Adoro andare negli ospedali. Almeno quanto amerei stare in una vasca da bagno con ricci di mare nel culo. Io passo la vita a preoccuparmi dei centimetri dei miei muscoli, e per me stare male significa non essere cresciuto di massa in un mese. Poi arrivi qui, e ti senti cosi piccolo, ma cosi microscopico, che vorresti vederti tutti i film di Bigas Luna per punizione. In binge-watching.
Dopo i primi momenti di sconforto, inizia un momento di lucidità mentale, ed osservo lucidamente la fauna che mi circonda. Variegata, avariata e vagheggiante, ma tutta accomunata da una sola grande E: egoismo. Tutti sono chiusi nel loro dolore, si litigano per un numeretto della fila, si guardano in cagnesco, si odiano. Una immensa guerra tra poveri, dove il dividi et impera spopola, e la legge del taglione è per beginners.
É triste vedere a cosa ci riduciamo quando soffriamo.

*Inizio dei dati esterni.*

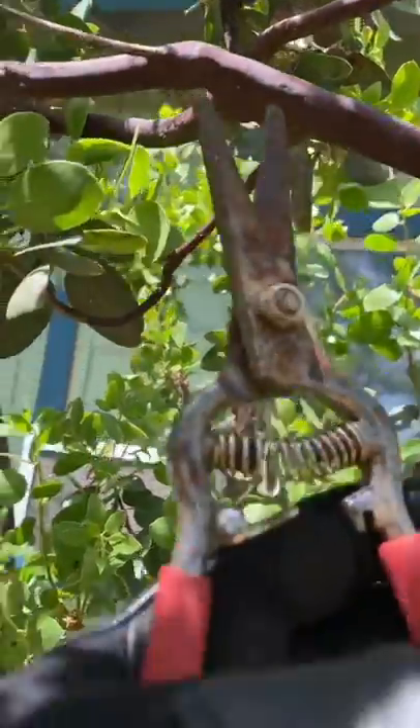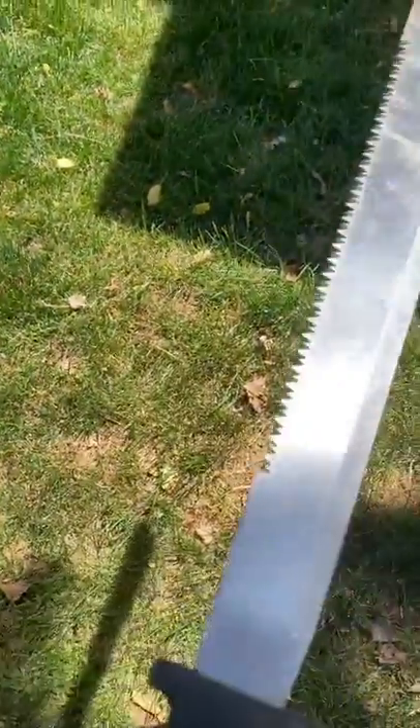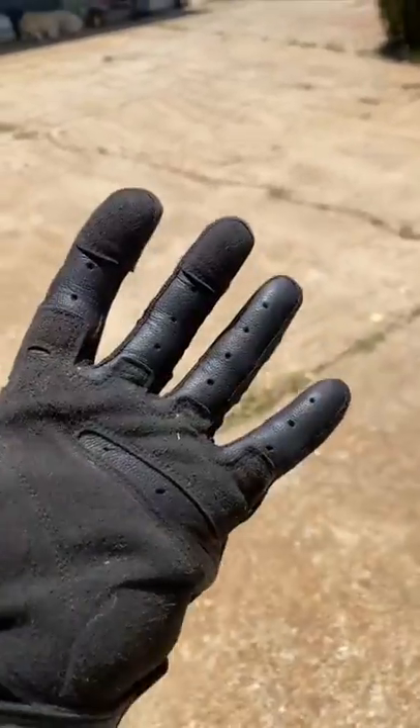These are tactical gloves by Zuma 2. They're good for just regular yard work, pulling leads as well. You can even use them for more extensive work like clearing brush with a machete. Not only that, but they're also really flexible and maneuverable as well.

Torniamo bestie allo stato brado. Rancorosi e senza alcuna morale. E i sacerdoti di questa religione del guarisci-me-per-primo sono i dottori. Che si crogiolano nel loro potere mondano, come piccoli buddha illuminati dal neon.

No, non mi piacciono gli ospedali. E con tutta onestà, spero di morire ben prima di ridurmi ad una carcassa deambulante senza arte nè parte.